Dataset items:
════

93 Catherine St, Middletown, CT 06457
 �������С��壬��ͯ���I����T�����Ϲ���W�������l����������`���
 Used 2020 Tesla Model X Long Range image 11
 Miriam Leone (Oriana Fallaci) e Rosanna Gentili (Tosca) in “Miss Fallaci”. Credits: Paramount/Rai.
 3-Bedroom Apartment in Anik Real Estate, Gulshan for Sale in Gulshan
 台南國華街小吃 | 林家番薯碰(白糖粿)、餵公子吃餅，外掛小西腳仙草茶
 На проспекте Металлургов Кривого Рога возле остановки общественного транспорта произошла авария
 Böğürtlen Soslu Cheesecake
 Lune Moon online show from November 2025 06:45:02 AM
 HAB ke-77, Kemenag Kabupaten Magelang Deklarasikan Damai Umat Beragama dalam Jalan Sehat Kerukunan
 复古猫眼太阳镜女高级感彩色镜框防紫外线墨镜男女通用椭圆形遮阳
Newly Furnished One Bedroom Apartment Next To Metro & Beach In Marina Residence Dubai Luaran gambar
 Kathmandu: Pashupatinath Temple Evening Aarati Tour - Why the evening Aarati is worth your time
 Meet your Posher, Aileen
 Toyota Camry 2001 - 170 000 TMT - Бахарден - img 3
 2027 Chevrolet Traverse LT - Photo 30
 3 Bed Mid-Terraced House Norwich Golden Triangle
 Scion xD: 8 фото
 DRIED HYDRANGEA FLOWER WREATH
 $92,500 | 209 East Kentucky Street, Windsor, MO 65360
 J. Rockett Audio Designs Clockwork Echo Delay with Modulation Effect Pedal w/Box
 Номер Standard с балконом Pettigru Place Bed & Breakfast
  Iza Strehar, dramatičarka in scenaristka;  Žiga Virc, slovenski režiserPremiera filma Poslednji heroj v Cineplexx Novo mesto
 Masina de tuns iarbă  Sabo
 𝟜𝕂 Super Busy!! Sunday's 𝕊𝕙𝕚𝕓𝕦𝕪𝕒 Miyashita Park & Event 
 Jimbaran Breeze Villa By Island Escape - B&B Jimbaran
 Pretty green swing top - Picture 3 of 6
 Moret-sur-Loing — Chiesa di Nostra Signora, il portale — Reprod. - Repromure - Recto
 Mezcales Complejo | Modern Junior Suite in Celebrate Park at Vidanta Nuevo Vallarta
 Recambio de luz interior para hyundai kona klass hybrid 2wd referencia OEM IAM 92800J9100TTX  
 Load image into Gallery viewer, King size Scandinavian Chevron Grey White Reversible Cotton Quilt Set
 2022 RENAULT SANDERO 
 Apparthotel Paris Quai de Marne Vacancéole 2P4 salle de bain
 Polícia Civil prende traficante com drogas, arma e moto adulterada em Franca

════

Retype the portion of the data above that starts on the line with "HAB ke-77, Kemenag" and finishes on the line with "Mezcales Complejo |", including both of those lines.

## WRITTEN RESPONSE
 HAB ke-77, Kemenag Kabupaten Magelang Deklarasikan Damai Umat Beragama dalam Jalan Sehat Kerukunan
 复古猫眼太阳镜女高级感彩色镜框防紫外线墨镜男女通用椭圆形遮阳
Newly Furnished One Bedroom Apartment Next To Metro & Beach In Marina Residence Dubai Luaran gambar
 Kathmandu: Pashupatinath Temple Evening Aarati Tour - Why the evening Aarati is worth your time
 Meet your Posher, Aileen
 Toyota Camry 2001 - 170 000 TMT - Бахарден - img 3
 2027 Chevrolet Traverse LT - Photo 30
 3 Bed Mid-Terraced House Norwich Golden Triangle
 Scion xD: 8 фото
 DRIED HYDRANGEA FLOWER WREATH
 $92,500 | 209 East Kentucky Street, Windsor, MO 65360
 J. Rockett Audio Designs Clockwork Echo Delay with Modulation Effect Pedal w/Box
 Номер Standard с балконом Pettigru Place Bed & Breakfast
  Iza Strehar, dramatičarka in scenaristka;  Žiga Virc, slovenski režiserPremiera filma Poslednji heroj v Cineplexx Novo mesto
 Masina de tuns iarbă  Sabo
 𝟜𝕂 Super Busy!! Sunday's 𝕊𝕙𝕚𝕓𝕦𝕪𝕒 Miyashita Park & Event 
 Jimbaran Breeze Villa By Island Escape - B&B Jimbaran
 Pretty green swing top - Picture 3 of 6
 Moret-sur-Loing — Chiesa di Nostra Signora, il portale — Reprod. - Repromure - Recto
 Mezcales Complejo | Modern Junior Suite in Celebrate Park at Vidanta Nuevo Vallarta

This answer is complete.